**Problem description**:
Only the lines from the one containing "팩스 비용 부담? 이제" to the end of the material belong in your answer. Please copy them word for word.

**Records to use**:
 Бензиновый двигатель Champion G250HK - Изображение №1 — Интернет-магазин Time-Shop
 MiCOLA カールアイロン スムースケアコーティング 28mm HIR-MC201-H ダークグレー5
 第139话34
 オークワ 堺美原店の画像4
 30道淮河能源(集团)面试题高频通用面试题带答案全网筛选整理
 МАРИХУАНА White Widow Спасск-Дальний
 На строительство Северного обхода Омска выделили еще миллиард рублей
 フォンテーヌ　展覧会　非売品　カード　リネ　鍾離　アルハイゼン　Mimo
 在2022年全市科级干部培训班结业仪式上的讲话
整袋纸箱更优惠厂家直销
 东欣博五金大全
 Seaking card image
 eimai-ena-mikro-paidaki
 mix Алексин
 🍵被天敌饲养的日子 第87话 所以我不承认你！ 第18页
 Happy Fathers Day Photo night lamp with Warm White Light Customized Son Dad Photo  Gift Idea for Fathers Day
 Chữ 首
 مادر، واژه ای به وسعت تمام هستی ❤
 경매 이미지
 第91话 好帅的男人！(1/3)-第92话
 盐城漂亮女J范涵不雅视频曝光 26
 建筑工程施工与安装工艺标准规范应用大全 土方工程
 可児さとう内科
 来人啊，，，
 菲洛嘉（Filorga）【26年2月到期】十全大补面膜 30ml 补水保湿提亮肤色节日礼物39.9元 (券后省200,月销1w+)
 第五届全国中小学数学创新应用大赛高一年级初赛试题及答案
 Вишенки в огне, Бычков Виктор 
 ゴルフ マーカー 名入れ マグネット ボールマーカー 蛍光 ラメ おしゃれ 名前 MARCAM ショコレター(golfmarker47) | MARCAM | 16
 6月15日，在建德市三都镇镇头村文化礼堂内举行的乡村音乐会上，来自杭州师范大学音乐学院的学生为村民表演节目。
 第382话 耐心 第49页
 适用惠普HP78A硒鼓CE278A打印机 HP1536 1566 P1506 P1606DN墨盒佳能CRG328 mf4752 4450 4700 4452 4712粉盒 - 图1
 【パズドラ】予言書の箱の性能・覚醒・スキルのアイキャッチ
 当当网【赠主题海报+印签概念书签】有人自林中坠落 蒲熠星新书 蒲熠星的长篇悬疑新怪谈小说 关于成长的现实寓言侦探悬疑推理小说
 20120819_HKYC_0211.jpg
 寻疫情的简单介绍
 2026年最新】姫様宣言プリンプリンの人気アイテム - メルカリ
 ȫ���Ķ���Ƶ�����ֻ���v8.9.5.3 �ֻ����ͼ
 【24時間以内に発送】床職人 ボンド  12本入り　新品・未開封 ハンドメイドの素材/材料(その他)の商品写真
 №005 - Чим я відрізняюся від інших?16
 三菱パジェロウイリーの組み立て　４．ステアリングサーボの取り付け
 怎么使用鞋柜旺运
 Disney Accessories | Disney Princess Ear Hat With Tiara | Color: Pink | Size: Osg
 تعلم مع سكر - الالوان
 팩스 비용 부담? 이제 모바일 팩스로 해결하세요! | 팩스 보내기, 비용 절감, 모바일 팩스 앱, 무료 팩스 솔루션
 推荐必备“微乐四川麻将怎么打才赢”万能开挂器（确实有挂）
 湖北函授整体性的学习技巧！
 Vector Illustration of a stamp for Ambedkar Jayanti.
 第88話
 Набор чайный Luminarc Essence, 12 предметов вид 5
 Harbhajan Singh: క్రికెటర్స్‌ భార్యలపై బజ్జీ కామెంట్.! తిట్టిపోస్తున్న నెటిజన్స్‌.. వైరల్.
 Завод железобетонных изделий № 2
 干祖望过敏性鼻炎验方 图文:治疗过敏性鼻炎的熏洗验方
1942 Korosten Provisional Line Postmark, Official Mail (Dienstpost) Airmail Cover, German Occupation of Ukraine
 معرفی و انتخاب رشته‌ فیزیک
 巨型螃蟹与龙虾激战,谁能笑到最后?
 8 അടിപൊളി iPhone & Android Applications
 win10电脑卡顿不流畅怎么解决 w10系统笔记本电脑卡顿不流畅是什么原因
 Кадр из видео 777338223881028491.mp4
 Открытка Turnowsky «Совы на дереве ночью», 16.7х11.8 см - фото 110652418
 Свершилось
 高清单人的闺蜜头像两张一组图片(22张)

**Answer to this exercise**:
 팩스 비용 부담? 이제 모바일 팩스로 해결하세요! | 팩스 보내기, 비용 절감, 모바일 팩스 앱, 무료 팩스 솔루션
 推荐必备“微乐四川麻将怎么打才赢”万能开挂器（确实有挂）
 湖北函授整体性的学习技巧！
 Vector Illustration of a stamp for Ambedkar Jayanti.
 第88話
 Набор чайный Luminarc Essence, 12 предметов вид 5
 Harbhajan Singh: క్రికెటర్స్‌ భార్యలపై బజ్జీ కామెంట్.! తిట్టిపోస్తున్న నెటిజన్స్‌.. వైరల్.
 Завод железобетонных изделий № 2
 干祖望过敏性鼻炎验方 图文:治疗过敏性鼻炎的熏洗验方
1942 Korosten Provisional Line Postmark, Official Mail (Dienstpost) Airmail Cover, German Occupation of Ukraine
 معرفی و انتخاب رشته‌ فیزیک
 巨型螃蟹与龙虾激战,谁能笑到最后?
 8 അടിപൊളി iPhone & Android Applications
 win10电脑卡顿不流畅怎么解决 w10系统笔记本电脑卡顿不流畅是什么原因
 Кадр из видео 777338223881028491.mp4
 Открытка Turnowsky «Совы на дереве ночью», 16.7х11.8 см - фото 110652418
 Свершилось
 高清单人的闺蜜头像两张一组图片(22张)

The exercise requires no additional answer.